YOUR TASK :: The expected result is an exact copy of the lines from the one holding "Aperture: f/8.0" to the last line of the material, with pictures removed and nothing added.

:::::

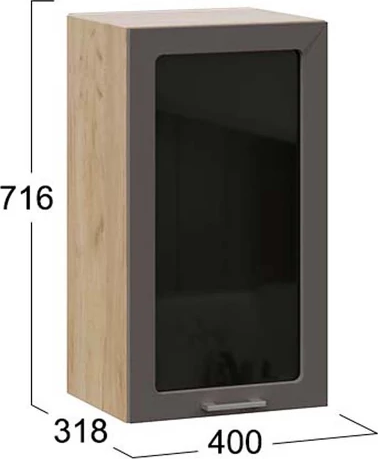 Шкаф навесной для кухни ТриЯ Габриэлла 1ВВ4С с одной дверью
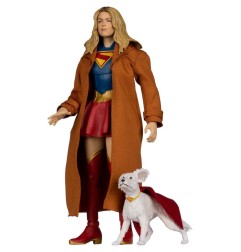 DC Comics - Supergirl (2026) DC Theatrical Deluxe Edition Action Figure Supergirl & Krypto (Gold Label) 17 cm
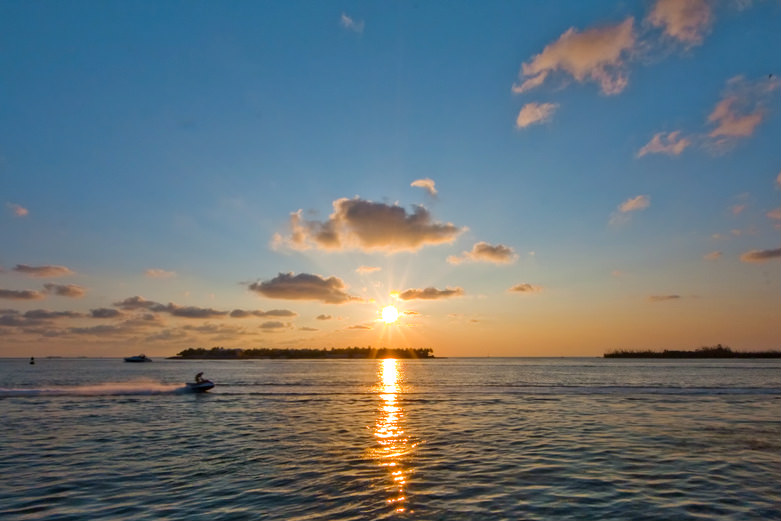 Sunset in the Key West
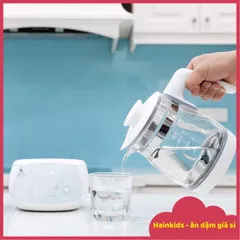 [PHỤ KIỆN] Bình Thủy Tinh Coco Bear, Bình Thay Thế Dùng Cho ấm đun Nước Pha Sữa CocoBear Không Kèm Nắp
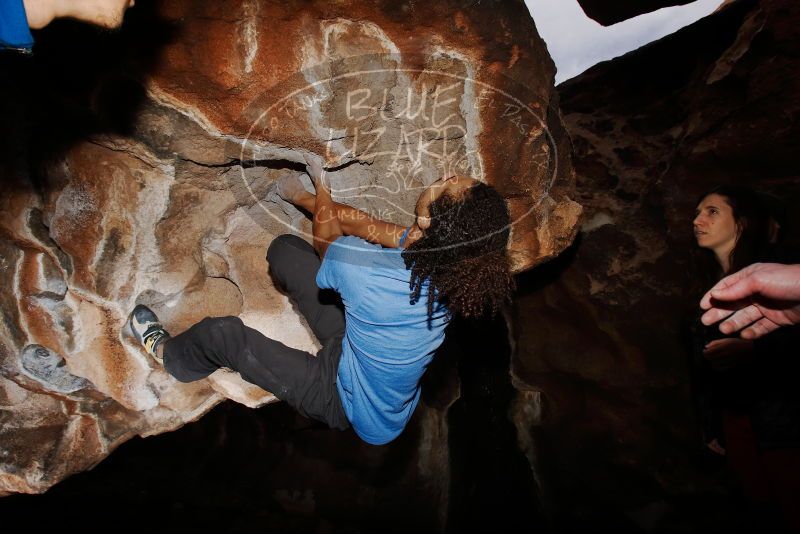 Bouldering in Hueco Tanks on 01/18/2019 with Blue Lizard Climbing and Yoga

Filename: SRM_20190118_1400370.jpg
Aperture: f/8.0
Shutter Speed: 1/250
Body: Canon EOS-1D Mark II
Lens: Canon EF 16-35mm f/2.8 L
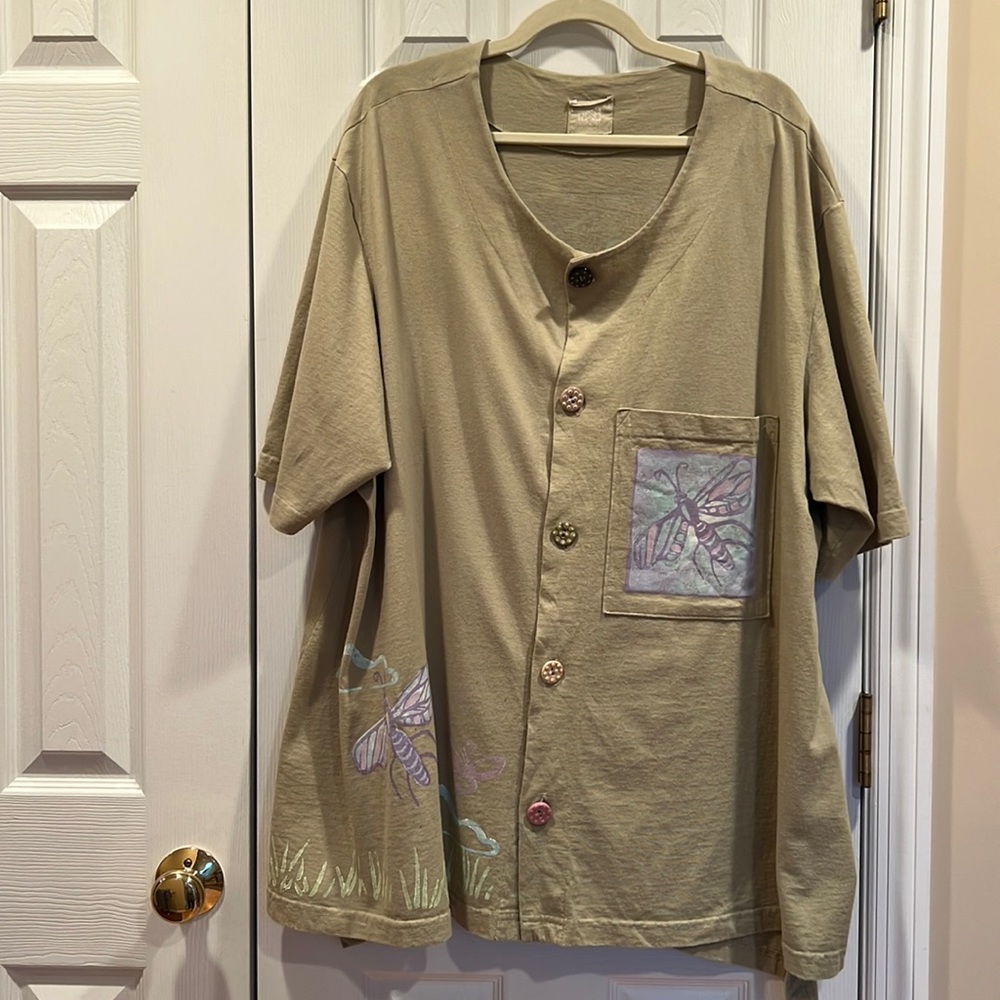 Blue Fish Butterfly Tunic Top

:::::

WORKED SOLUTION ::
Aperture: f/8.0
Shutter Speed: 1/250
Body: Canon EOS-1D Mark II
Lens: Canon EF 16-35mm f/2.8 L
 Blue Fish Butterfly Tunic Top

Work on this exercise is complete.